About this exercise – All lines below starting at the one that holds "Fiat Panda BENZINA" and ending at the one that holds "Vớ mùa đông" should be printed exactly, ends included. Pictures should not be printed, nor anything else.

Provided information –
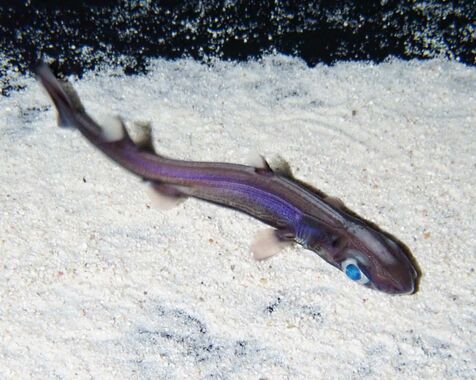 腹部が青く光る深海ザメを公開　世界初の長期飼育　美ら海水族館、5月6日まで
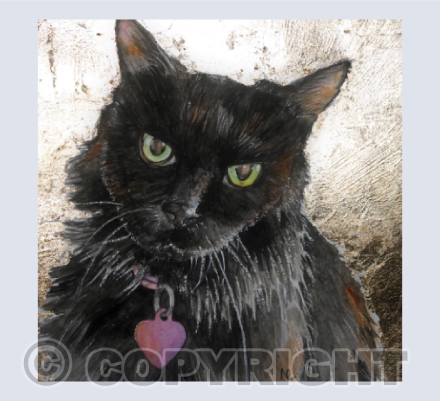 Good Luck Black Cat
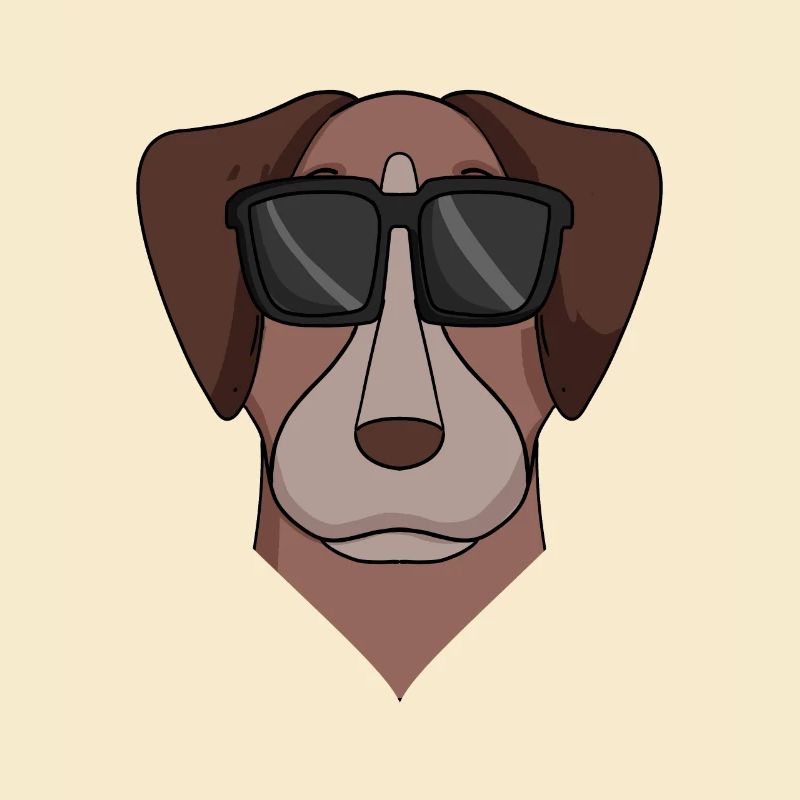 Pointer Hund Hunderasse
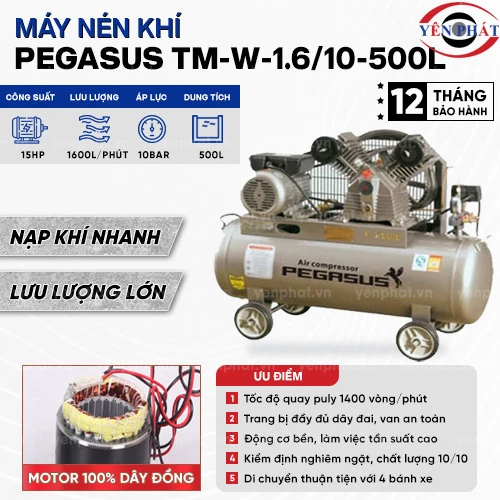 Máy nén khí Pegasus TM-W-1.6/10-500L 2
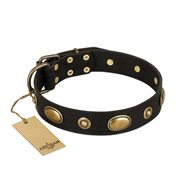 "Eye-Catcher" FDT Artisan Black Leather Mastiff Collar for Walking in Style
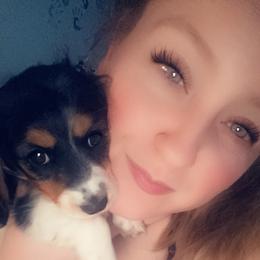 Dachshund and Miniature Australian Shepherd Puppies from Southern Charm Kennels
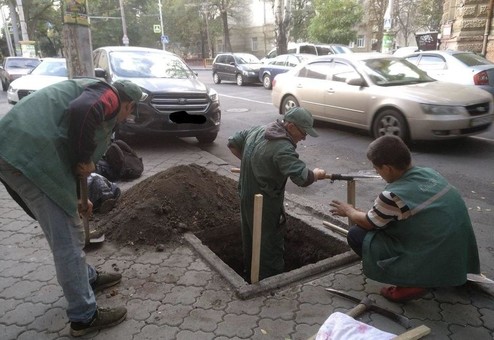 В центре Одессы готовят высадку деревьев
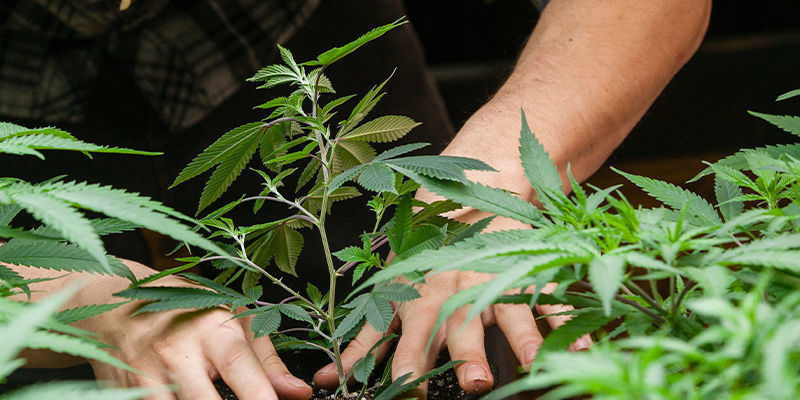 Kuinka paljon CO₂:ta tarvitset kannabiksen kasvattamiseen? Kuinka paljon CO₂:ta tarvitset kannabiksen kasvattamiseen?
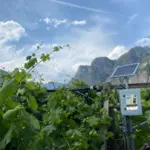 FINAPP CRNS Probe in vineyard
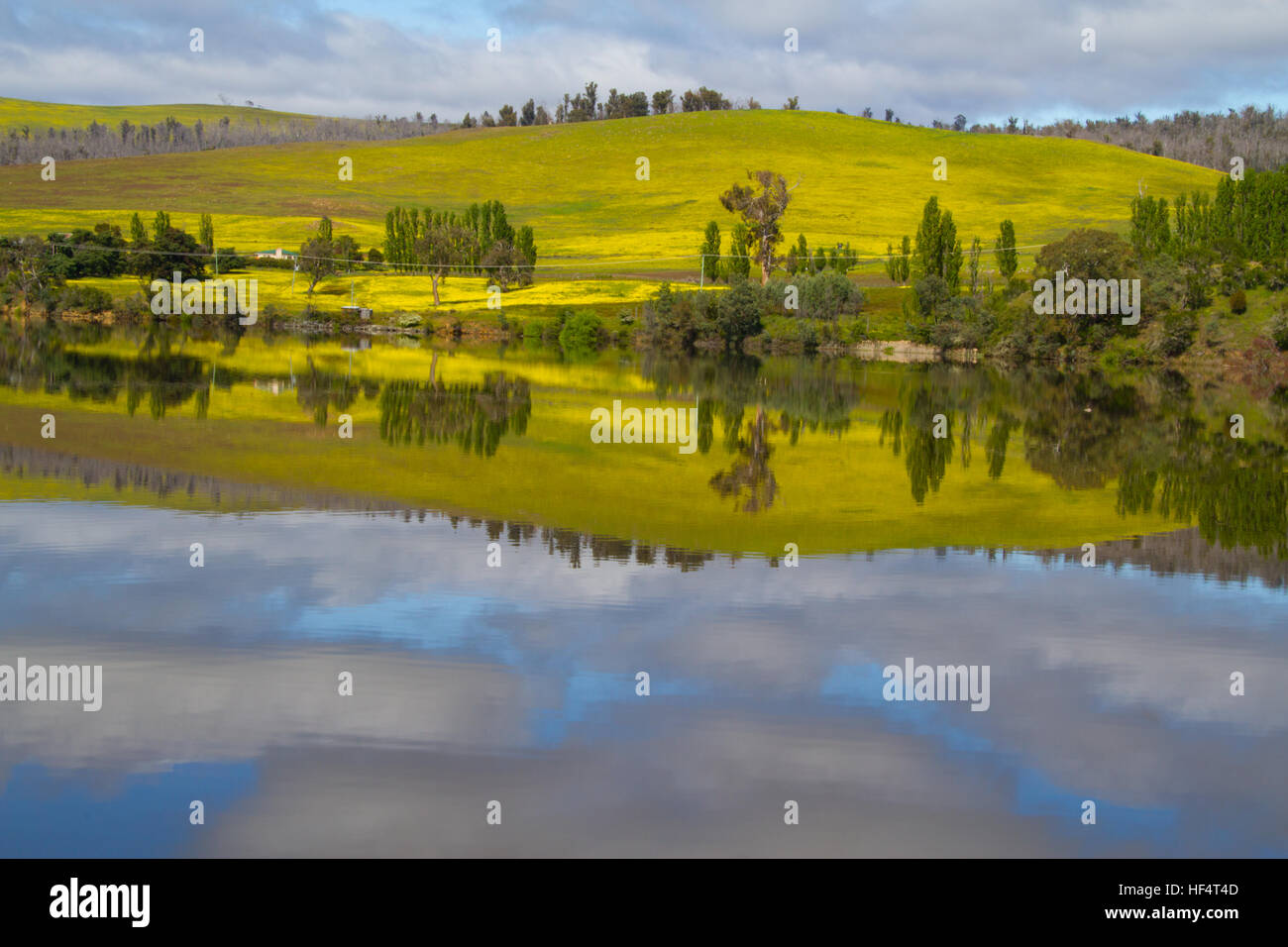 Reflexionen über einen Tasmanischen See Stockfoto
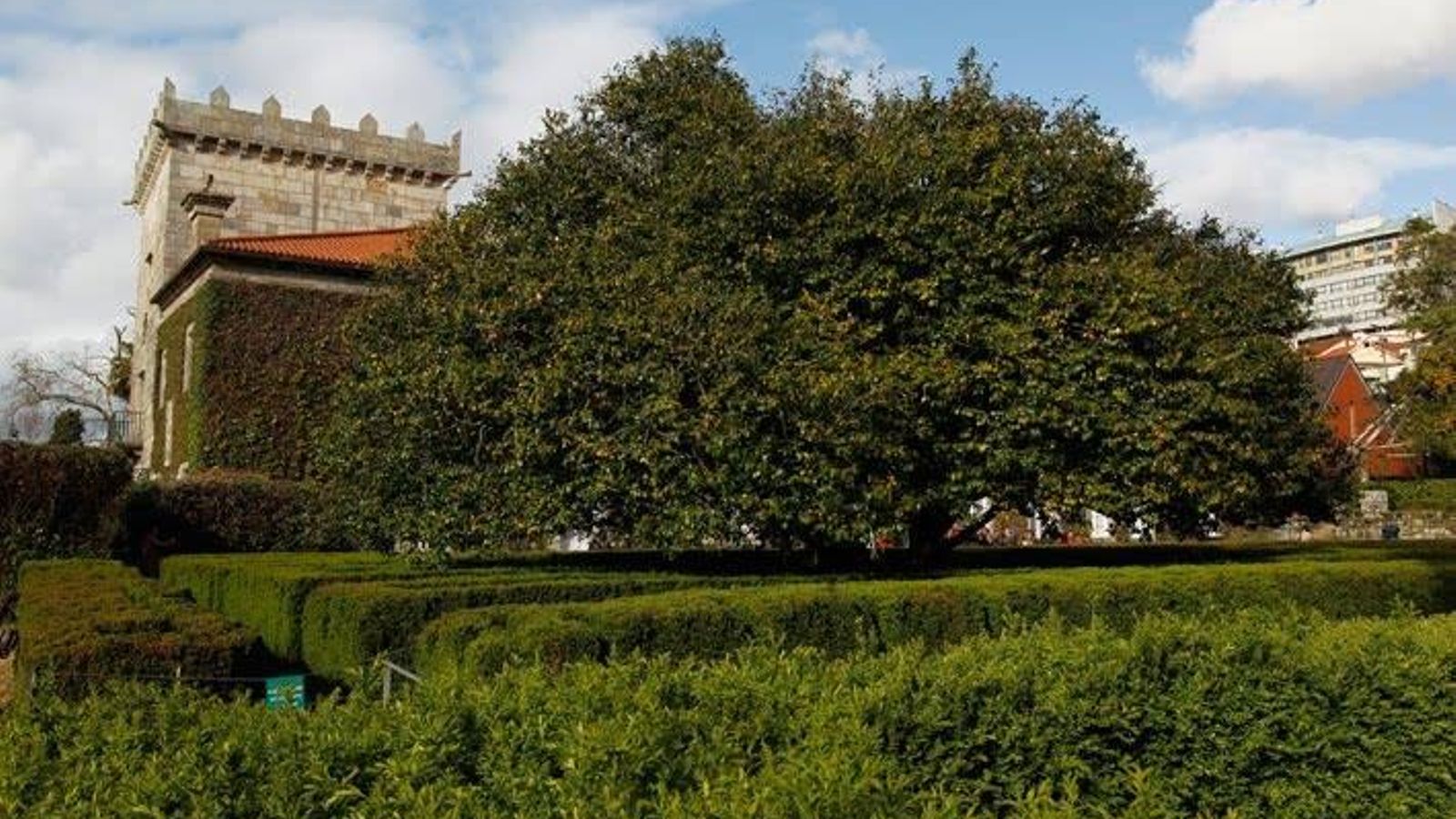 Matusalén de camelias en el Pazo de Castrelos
...
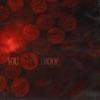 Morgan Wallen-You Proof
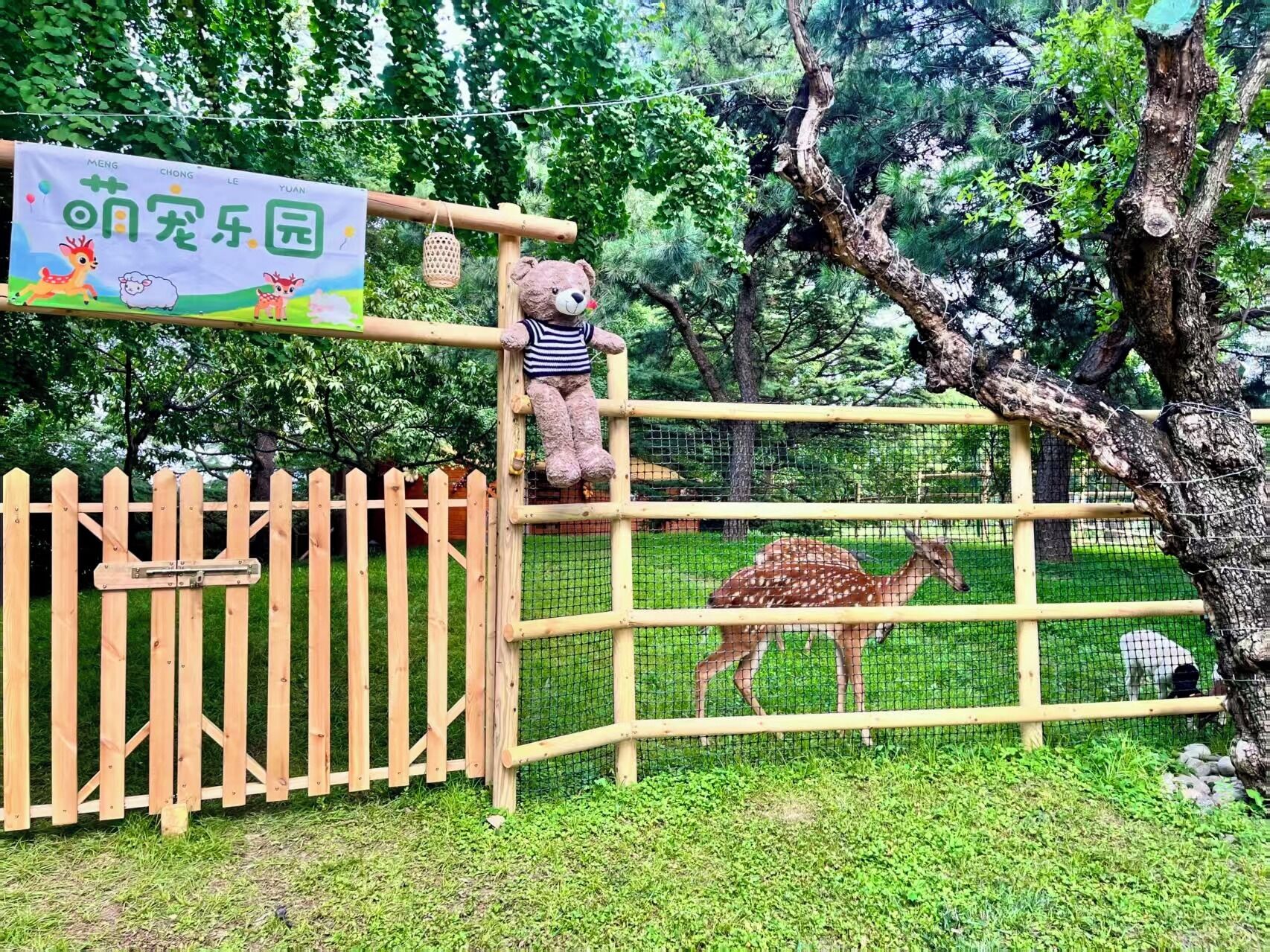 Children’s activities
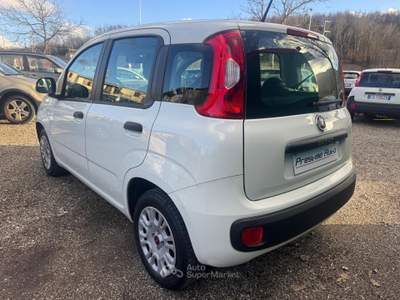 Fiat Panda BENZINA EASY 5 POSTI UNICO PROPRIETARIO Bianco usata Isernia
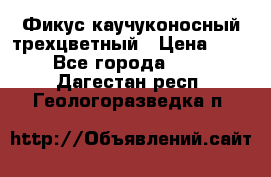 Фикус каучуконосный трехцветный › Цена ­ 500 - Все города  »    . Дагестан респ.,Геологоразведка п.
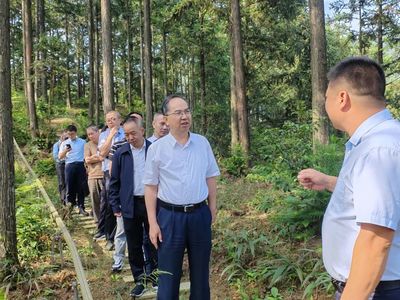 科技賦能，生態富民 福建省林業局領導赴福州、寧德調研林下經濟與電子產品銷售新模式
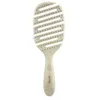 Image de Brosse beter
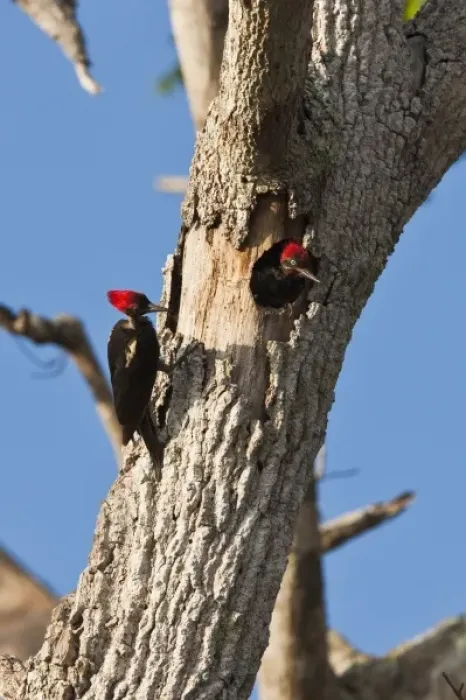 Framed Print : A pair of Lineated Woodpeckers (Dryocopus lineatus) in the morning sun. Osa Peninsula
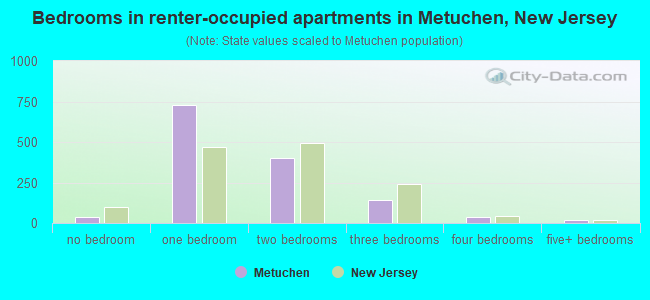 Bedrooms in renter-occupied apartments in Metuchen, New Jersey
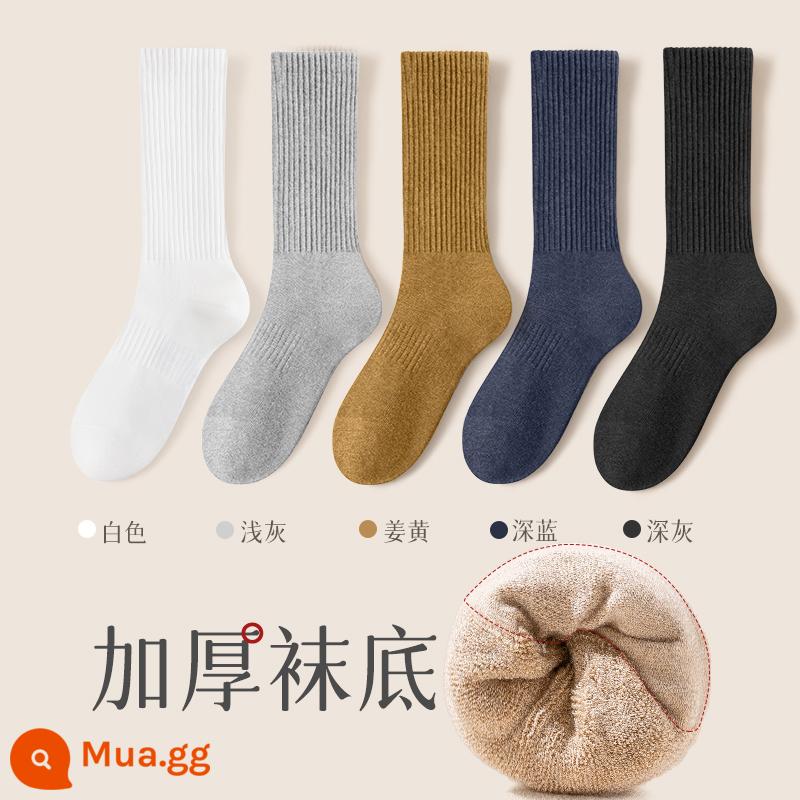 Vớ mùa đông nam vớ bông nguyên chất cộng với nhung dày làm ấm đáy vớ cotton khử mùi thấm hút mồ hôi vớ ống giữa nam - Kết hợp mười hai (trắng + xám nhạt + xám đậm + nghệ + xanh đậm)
* * *
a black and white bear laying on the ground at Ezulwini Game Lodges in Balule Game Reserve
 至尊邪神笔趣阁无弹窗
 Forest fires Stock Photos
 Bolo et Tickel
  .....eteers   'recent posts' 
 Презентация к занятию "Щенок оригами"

Result of this exercise –
 Fiat Panda BENZINA EASY 5 POSTI UNICO PROPRIETARIO Bianco usata Isernia
 Фикус каучуконосный трехцветный › Цена ­ 500 - Все города  »    . Дагестан респ.,Геологоразведка п.
 科技賦能，生態富民 福建省林業局領導赴福州、寧德調研林下經濟與電子產品銷售新模式
 Image de Brosse beter
 Framed Print : A pair of Lineated Woodpeckers (Dryocopus lineatus) in the morning sun. Osa Peninsula
 Bedrooms in renter-occupied apartments in Metuchen, New Jersey
 Vớ mùa đông nam vớ bông nguyên chất cộng với nhung dày làm ấm đáy vớ cotton khử mùi thấm hút mồ hôi vớ ống giữa nam - Kết hợp mười hai (trắng + xám nhạt + xám đậm + nghệ + xanh đậm)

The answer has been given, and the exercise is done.